In order to pass House Bill 114, the Ohio House of Representatives asserted renewable energy sources, such as wind and solar power, no longer needed the assistance of the government to support the industries.
“This will undoubtedly slow the growth of renewables in Ohio and make it harder for renewable energy sources to compete with traditional, ecologically hazardous energy sources,” Sarah Pinter, the 2016-17 Student Senate environmental affairs commissioner, said.
H.B. 114 makes all former mandates voluntary after the law was created nine years ago to protect renewable energy production. In 2026, the renewable energy goals will be erased from law altogether.
The 65-29 vote included three Republicans joining Democrats to oppose the bill.
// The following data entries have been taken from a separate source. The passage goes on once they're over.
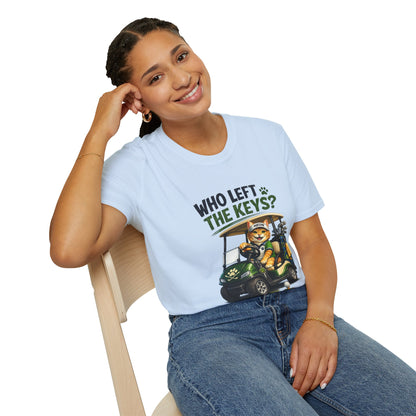 A woman sitting on a wooden chair wearing a light blue graphic t-shirt with the text 'WHO LEFT THE KEYS?' and a cartoon cat in a golf cart, paired with blue jeans against a white background.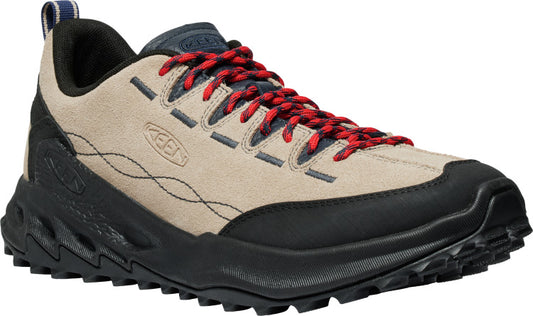 A low-top hiking shoe in tan suede with a black sole and toe bumper, and red and navy laces.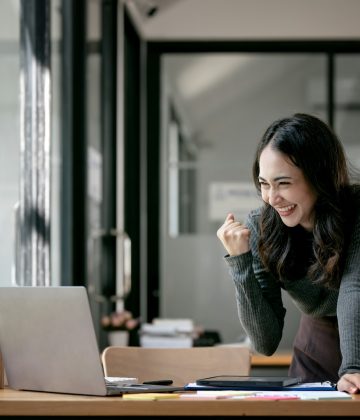 Beautiful Asian woman celebrate with laptop, successful business startup small business concept.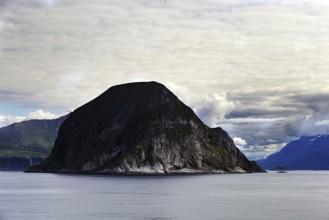 Barren rocky island surrounded by calm sea and cloudy sky, Norway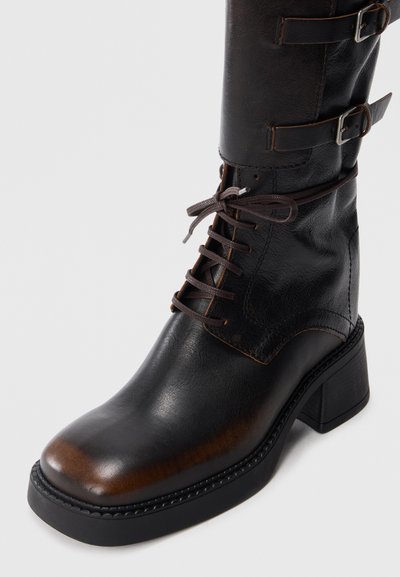 Brown leather ankle boot with a rounded toe, lace-up front, and buckle accents on the upper. Features a chunky block heel and textured finish.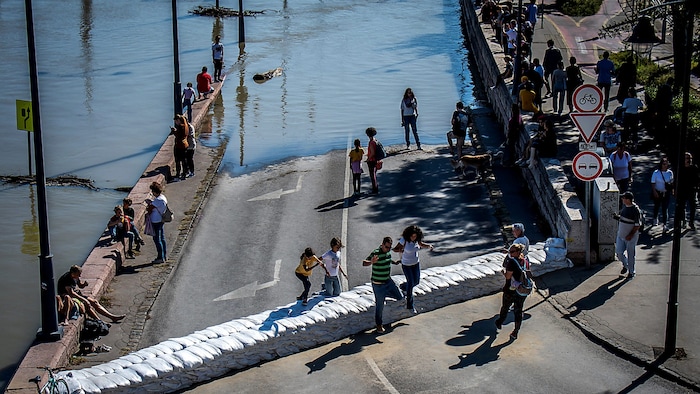 Onlookers watch the flooding on the banks of the Danube in Budapest.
“I am sad and disappointed, but ultimately unsurprised,” Pinter said. “The Republican Party is determined to destroy progress toward sustainability to keep the pockets of the billionaires that run the fossil fuel industry lined.”
Geoffrey Buckley, a geography professor, attributes the passage of the bill to monetary motivation.
“Those (representatives) are getting money from fossil fuel industries,” he said. “It’s a last-minute money grab, and a lot of these representatives are simply doing work for these corporations that have funded them.”
Ryan Fogt, an associate professor of meteorology, said he is worried about how H.B. 114 will affect the solar industry. Solar is more beneficial than many other energy sources, Fogt said.
“Solar has been the biggest growth in renewable energy,” he said. “For every job in coal, there are three jobs in solar. It’s been an area of boom.”
Fogt said renewable energy sources are at a significant risk from the bill because it will create more of a “burden.”
Buckley argued that, in order to be competitive, Ohio needs to invest in new sources of energy.
“From an economic standpoint, it’s the future compared to the coal industry,” Buckley said. “If we want to be a player in the future and continue to attract people to the state and have good-paying jobs, the energy isn’t going to be with fossil fuels.”
If the state government continues to cut incentives for renewable energy, Pinter said the state and, ultimately, the world will suffer.
“I am worried about the future of the planet,” Pinter said. “We cannot afford to cut back on renewables in the face of climate change. It could cost lives.”